■ Data section
--- --- ---

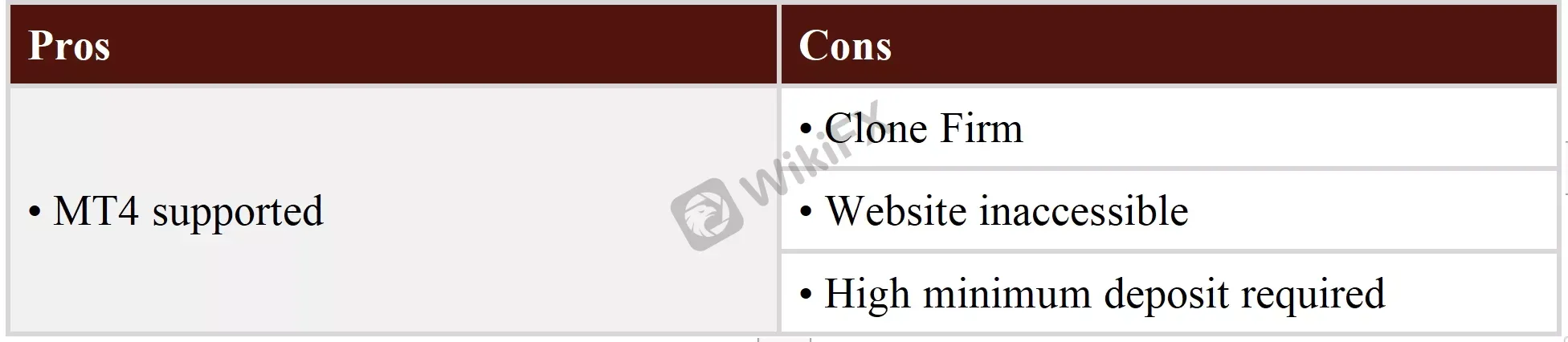 Pros & Cons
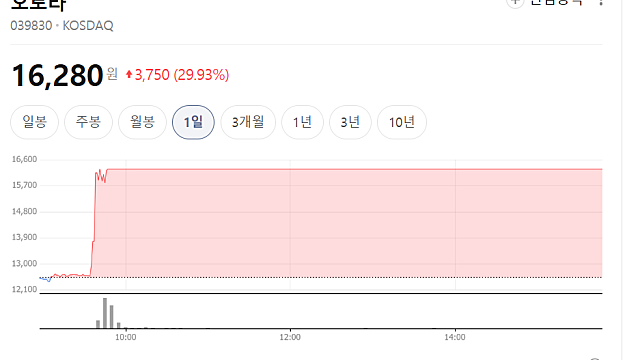 오로라 주가 급등 이유(Ft. 실적발표, 키즈토이)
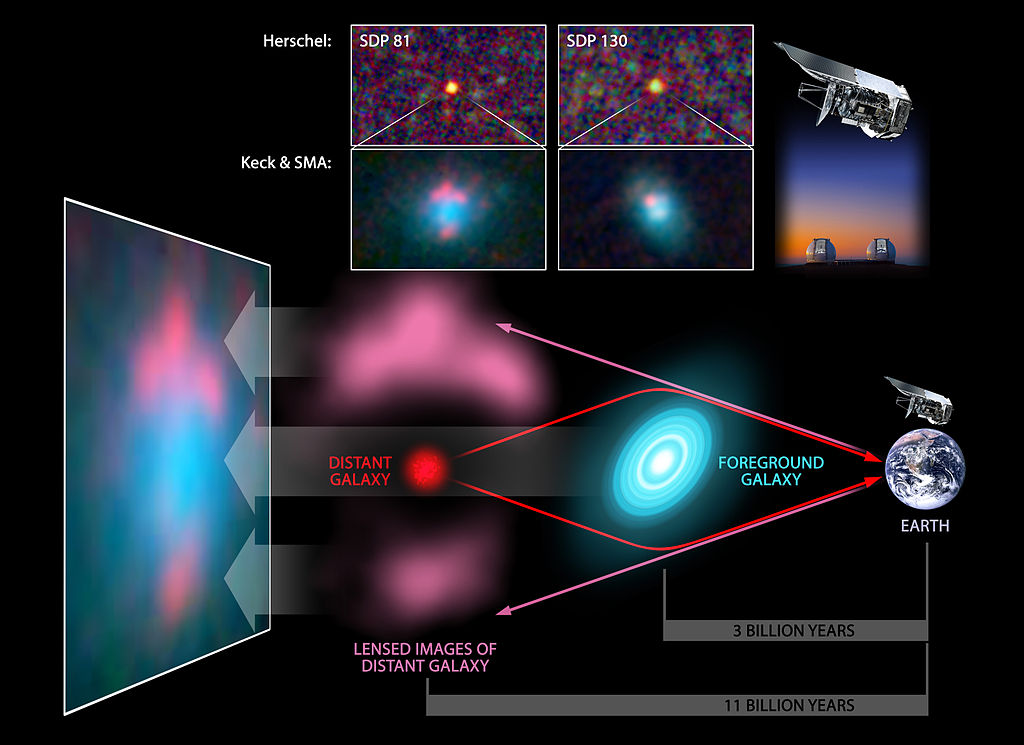 A diagram explain lensing, with a background ibjects light being bent and magnified around a foreground object.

--- --- ---

■ Requirement
From the first line to the last, copy the listing above exactly, dropping all images.

■ Task answer
 Pros & Cons
 오로라 주가 급등 이유(Ft. 실적발표, 키즈토이)
 A diagram explain lensing, with a background ibjects light being bent and magnified around a foreground object.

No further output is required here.